Work to complete — The records should be repeated word for word, pictures excluded.

Scraped caption text data —
= = = =

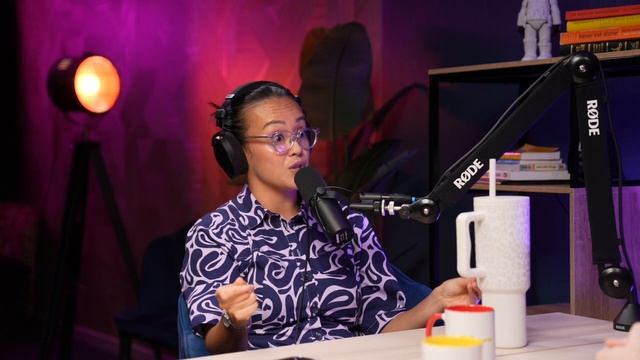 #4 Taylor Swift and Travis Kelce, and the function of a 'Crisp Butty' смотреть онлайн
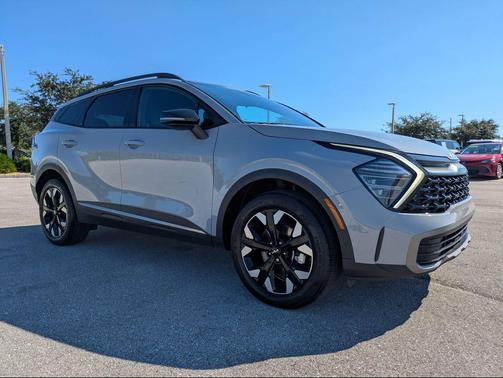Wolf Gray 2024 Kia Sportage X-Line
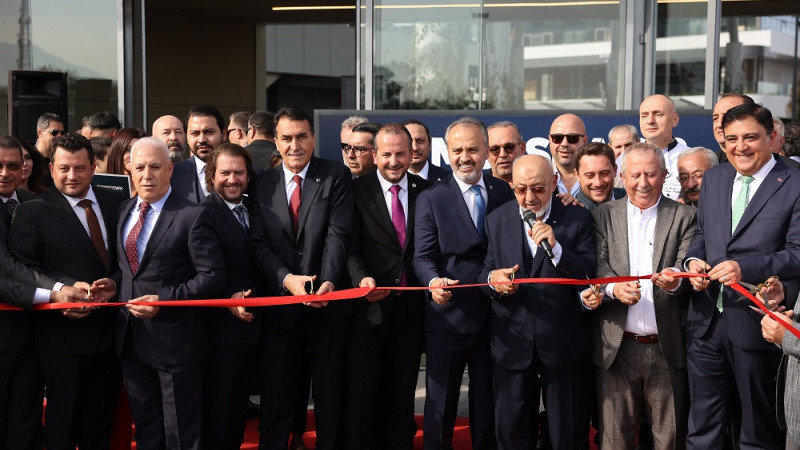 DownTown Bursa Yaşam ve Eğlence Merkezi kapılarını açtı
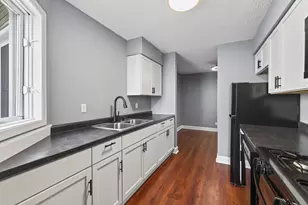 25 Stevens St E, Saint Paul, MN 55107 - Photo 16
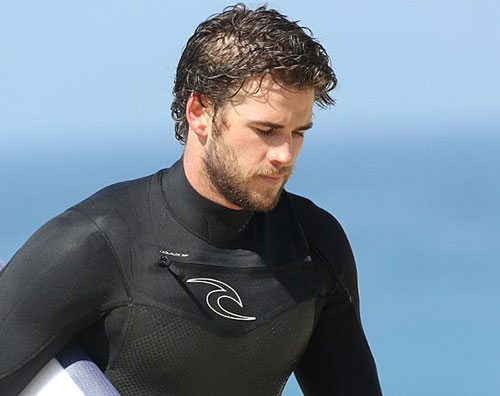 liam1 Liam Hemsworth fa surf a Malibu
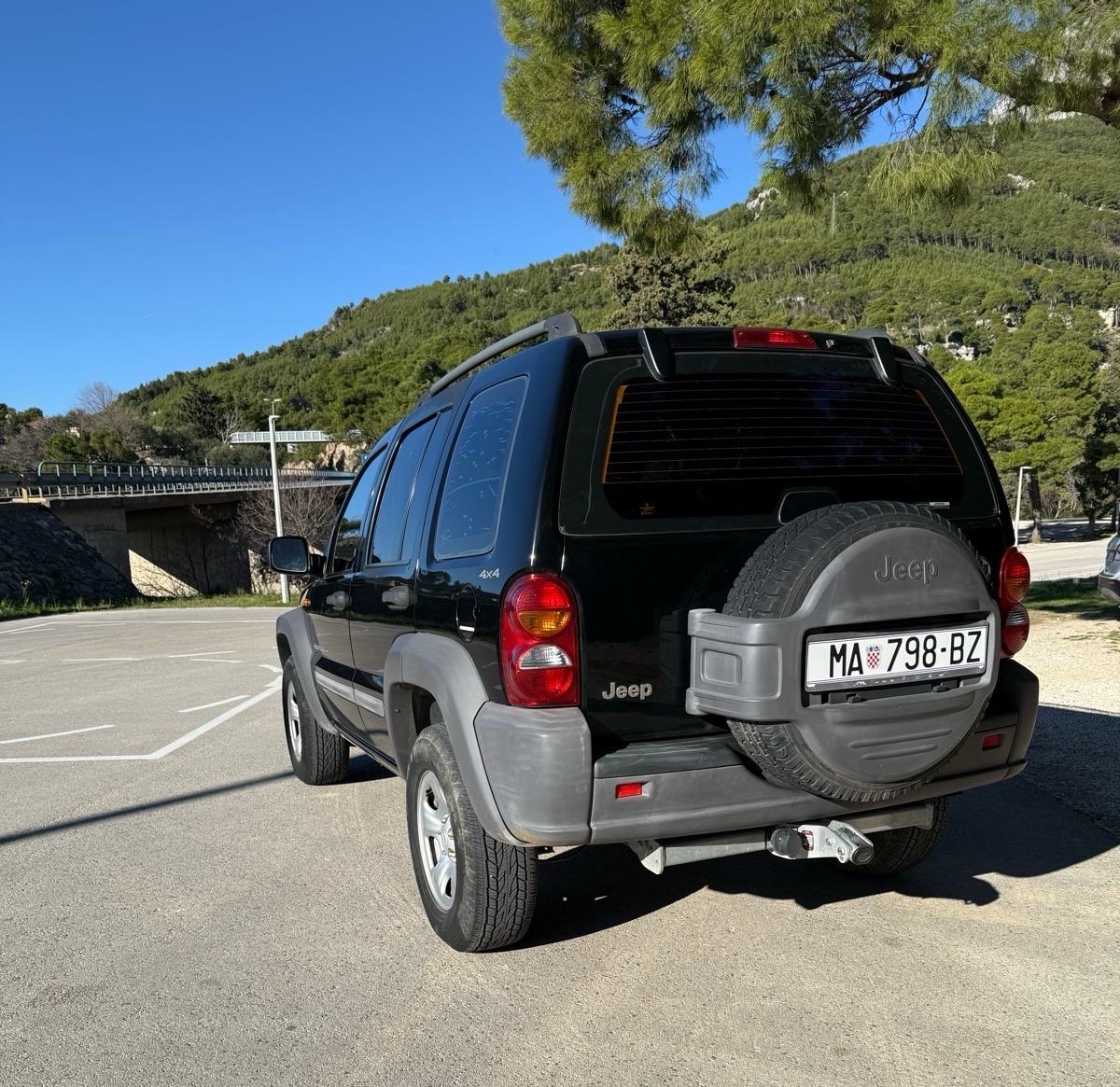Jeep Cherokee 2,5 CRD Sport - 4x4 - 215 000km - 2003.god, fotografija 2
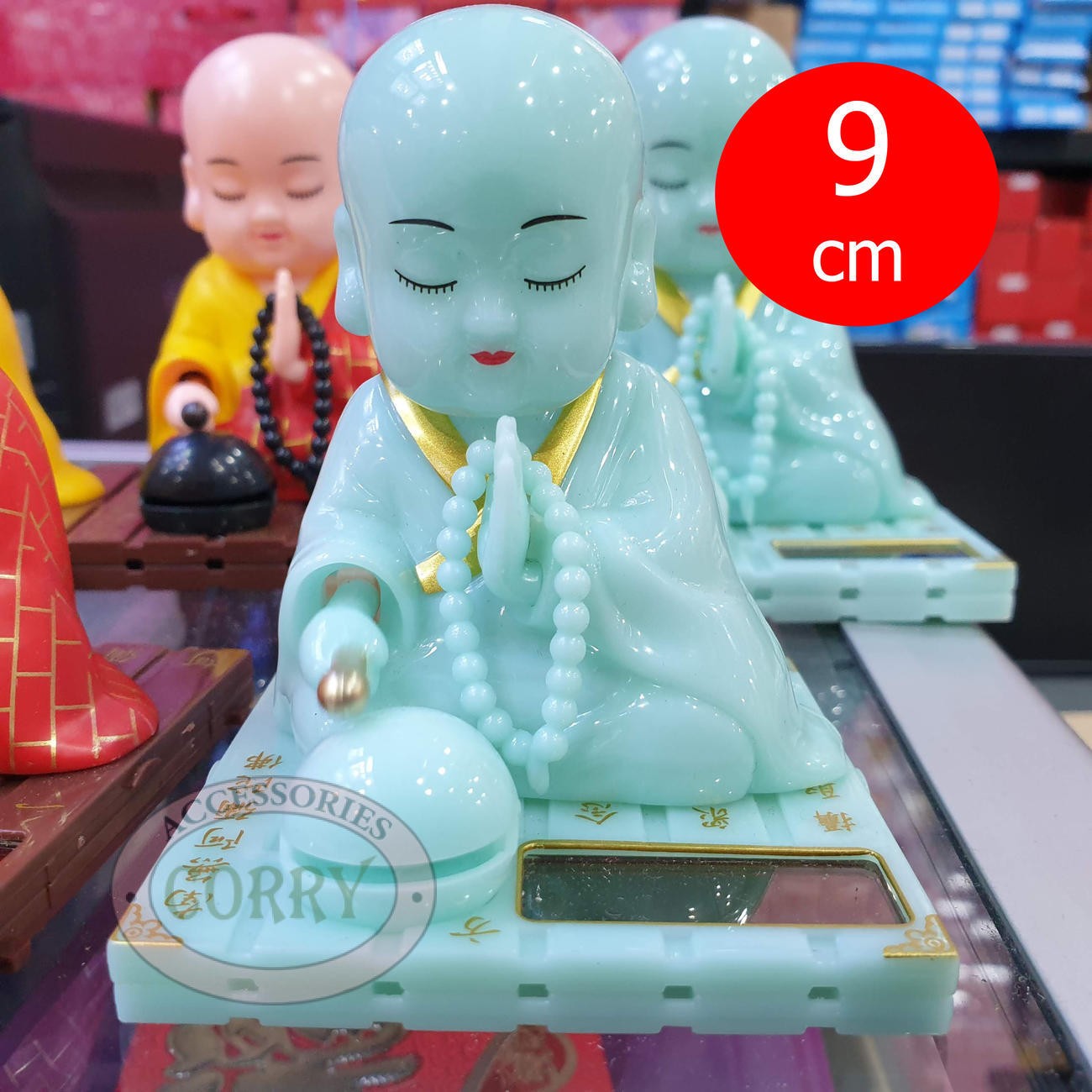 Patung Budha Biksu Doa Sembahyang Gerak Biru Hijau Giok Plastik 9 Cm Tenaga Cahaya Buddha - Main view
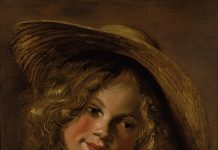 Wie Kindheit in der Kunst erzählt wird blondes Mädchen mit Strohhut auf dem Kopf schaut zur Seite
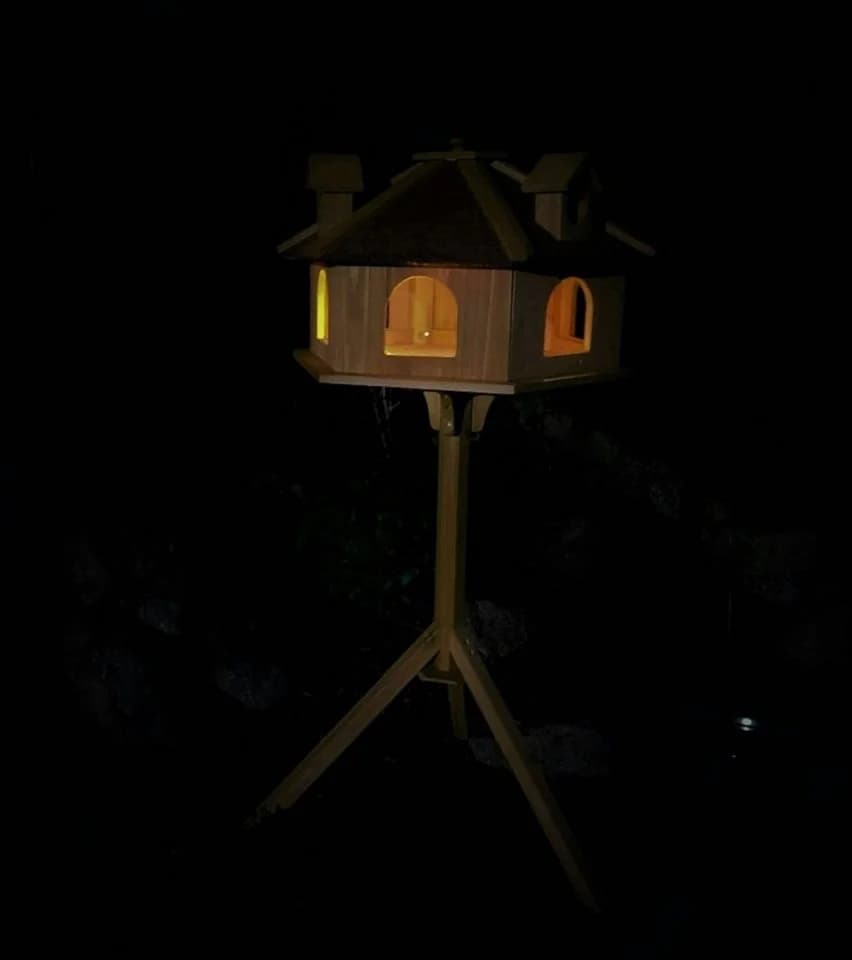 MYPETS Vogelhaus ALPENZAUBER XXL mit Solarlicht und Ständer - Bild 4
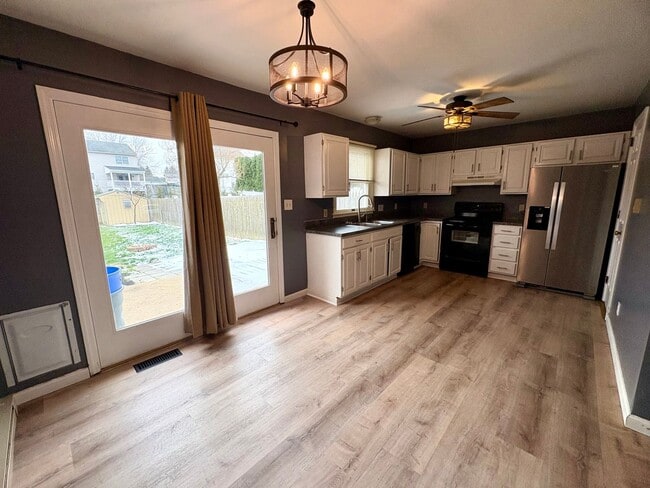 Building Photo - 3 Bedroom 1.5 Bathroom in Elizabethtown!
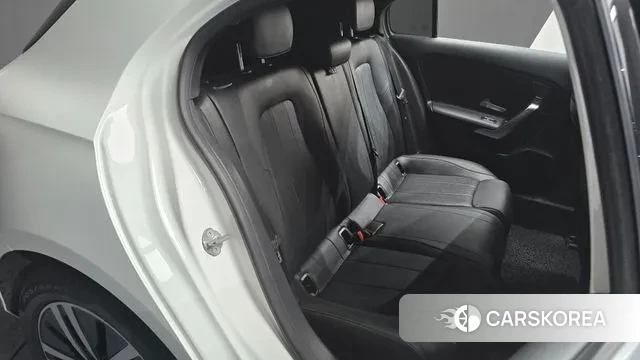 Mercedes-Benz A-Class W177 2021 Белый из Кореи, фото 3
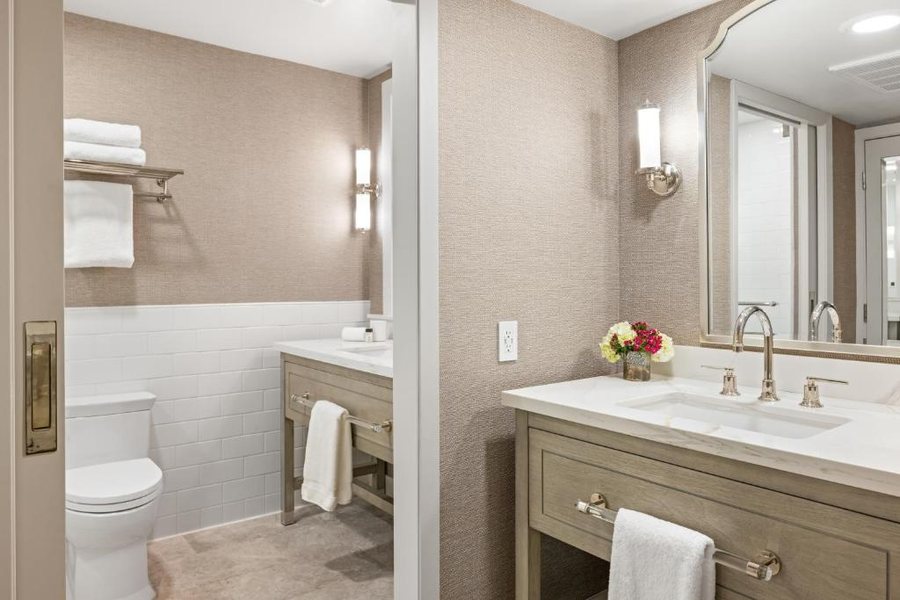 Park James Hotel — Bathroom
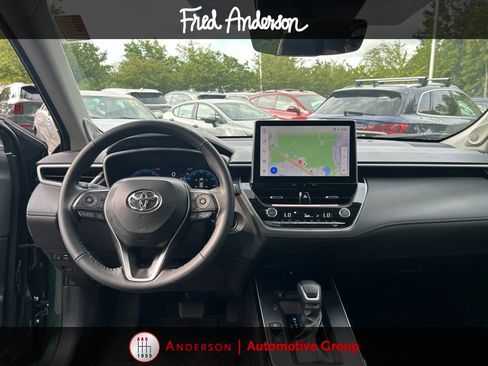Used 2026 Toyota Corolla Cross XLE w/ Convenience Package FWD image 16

= = = =

Response below —
 #4 Taylor Swift and Travis Kelce, and the function of a 'Crisp Butty' смотреть онлайн
Wolf Gray 2024 Kia Sportage X-Line
 DownTown Bursa Yaşam ve Eğlence Merkezi kapılarını açtı
 25 Stevens St E, Saint Paul, MN 55107 - Photo 16
 liam1 Liam Hemsworth fa surf a Malibu
Jeep Cherokee 2,5 CRD Sport - 4x4 - 215 000km - 2003.god, fotografija 2
 Patung Budha Biksu Doa Sembahyang Gerak Biru Hijau Giok Plastik 9 Cm Tenaga Cahaya Buddha - Main view
 Wie Kindheit in der Kunst erzählt wird blondes Mädchen mit Strohhut auf dem Kopf schaut zur Seite
 MYPETS Vogelhaus ALPENZAUBER XXL mit Solarlicht und Ständer - Bild 4
 Building Photo - 3 Bedroom 1.5 Bathroom in Elizabethtown!
 Mercedes-Benz A-Class W177 2021 Белый из Кореи, фото 3
 Park James Hotel — Bathroom
Used 2026 Toyota Corolla Cross XLE w/ Convenience Package FWD image 16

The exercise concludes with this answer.